While the commercial sector such as retail and automobile continue to reap maximum benefits from AI, it has seeped into almost all verticals today. From a bird’s eye view, if anyone was to explain how AI works, they can say that a complex interaction of machine learning, big data, and analytics applicable on technologies such as computer vision, speech recognition, etc. delivers potential results.
However, on the World Cancer day, let’s take a look at how these technologies, specifically computer vision, can be useful for cancer diagnosis.
Computer vision (CV) and machine learning (ML) models are trained to understand images and data in a way that they can even execute action. This was something that was once considered only humans could do!
Consequently, tech-giants such as Amazon, Google, IBM, NVIDIA Microsoft, Facebook, etc. are all investing or have already invested millions into developing computer vision models for healthcare. According to research by Accenture, the AI health market size is set to grow to a whopping $6.6 billion by 2021.
As AI continues to evolve, it can augment traditional healthcare by detecting trends to enhance disease diagnosis. In fact, in some parts of the globe, it is already being used to detect diseases, such as cancer, more accurately and in their early stages.
Computer vision and machine learning offer tremendous potential in detecting precancerous lesions using the minutest details in tissue images, thereby increasing the sensitivity and accuracy of cancer screening tests, leading to efficient and timely treatment.

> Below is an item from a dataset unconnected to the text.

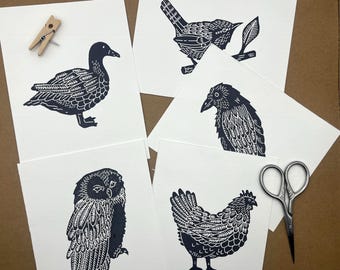 Handcrafted Bird Notecard Set: 10 Black & White Nature-Inspired Designs for Stationery Lovers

CV diagnoses Cancer by running algorithms and analysing data patterns from images. This was tested by a group of AI researchers, who extracted millions of small sections of images, labelled either as cancer or normal, and then used those to train their models to find the probability that a patch contains cancer, eventually creating tumour probability heatmaps.
Likewise, IBM Watson also achieved 91% success in skin cancer detection while Nvidia has also had success in deep learning assisted pathology and achieved a 92% successful detection using computer vision technology. Similar successful researches have been carried out by Stanford University and Massachusetts General Hospital too.
Furthermore, it can be used for non-invasive procedures such as image-guided radiotherapy or for tracking medication adherence using facial recognition.
In relevance to this discussion Kunal Kislay, CEO (Integration Wizards Solutions) says, “It’s not only prudent to understand the potential of AI in cancer detection but also other areas of healthcare. The application of computer vision technology will undoubtedly aid in faster diagnosis and efficient treatment for patients and reduce avoidable delays.” Thus, implementing such technology can save time and lives.